A key characteristic of glioblastoma tumor cells is their ability to evade treatment. Traditional therapies, including chemotherapy and radiation, often work for a while, but the cancer cells eventually stop responding. The highly resistant GSCs enable glioblastoma tumors to rapidly recur. Thus, targeting GSCs is critical for improving glioblastoma treatment.
The researchers discovered in their preclinical (mouse) model that combining radiation therapy with GSC-targeting ibrutinib helped overcome this lethal resistance. Combination therapy overcame therapeutic resistance and extended lifespan more effectively than either radiation or ibrutinib treatment alone.
Dr. Bao’s earlier work demonstrated that GSCs promote glioblastoma resistance to radiation therapy (Nature, 2006). He and colleagues later found that GSCs have high levels of the protein known as bone marrow and X-linked (BMX) nonreceptor tyrosine kinase. They showed that BMX activates the STAT3 molecule (signal transducer and activator of transcription 3) and that “turning on” STAT3 enables GSCs to replicate, spread and promote GSC-driven tumor growth (Cancer Cell, 2011).

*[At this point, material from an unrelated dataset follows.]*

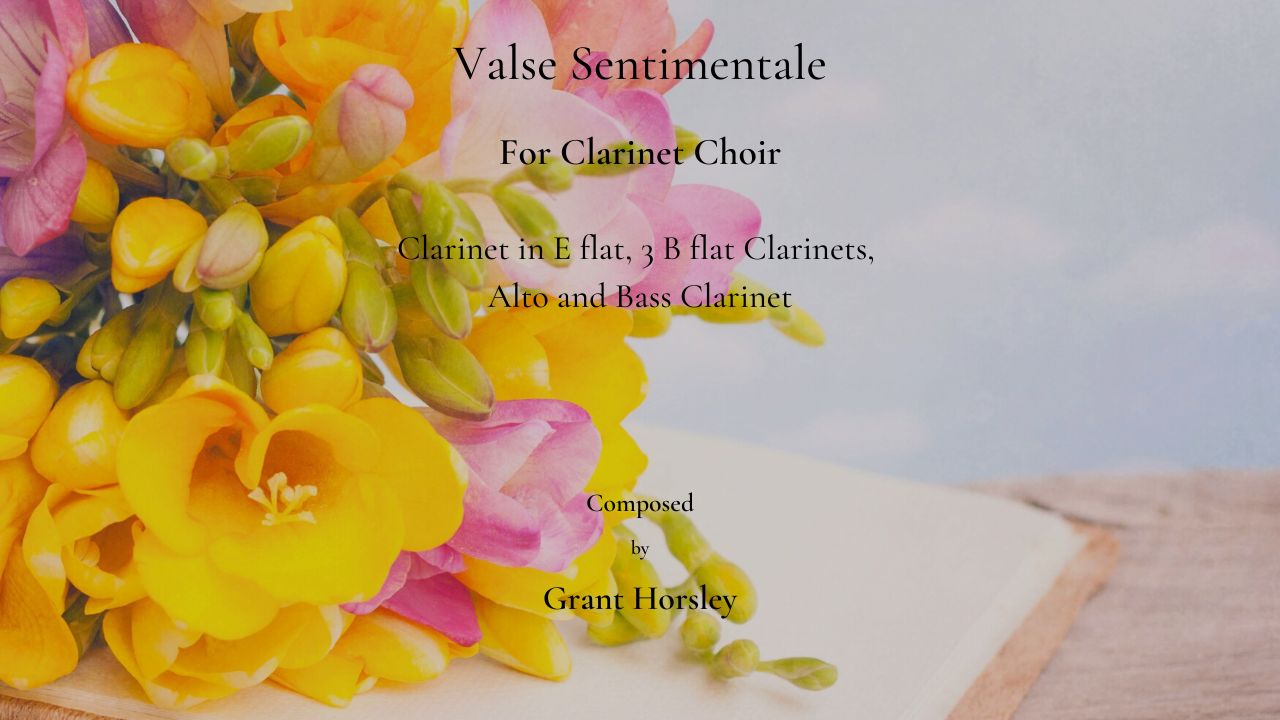 Valse Sentimentale clarinet choir pdf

In the present study, the researchers found that ibrutinib effectively inhibited BMX activity and thus interfered in the activation of STAT3. Fewer active BMX molecules resulted in fewer activated STAT3 molecules and, therefore, reduced tumor growth and GSC-driven resistance.
While additional research is critical to understand ibrutinib’s effects in patients with glioblastoma, these preclinical findings are highly promising. Since ibrutinib, which is orally administered, is already FDA-approved for use in humans, Dr. Bao says clinical trials of ibrutinib as a treatment for glioblastoma — either alone or in combination with current therapies — are not far off.
The study was supported by grants to Dr. Bao from the National Cancer Institute and National Institute of Neurological Disorders and Stroke as well as grants to Dr. Bao’s collaborator, Xiu-Wu Bian, from the National Key Research and Development Program of China.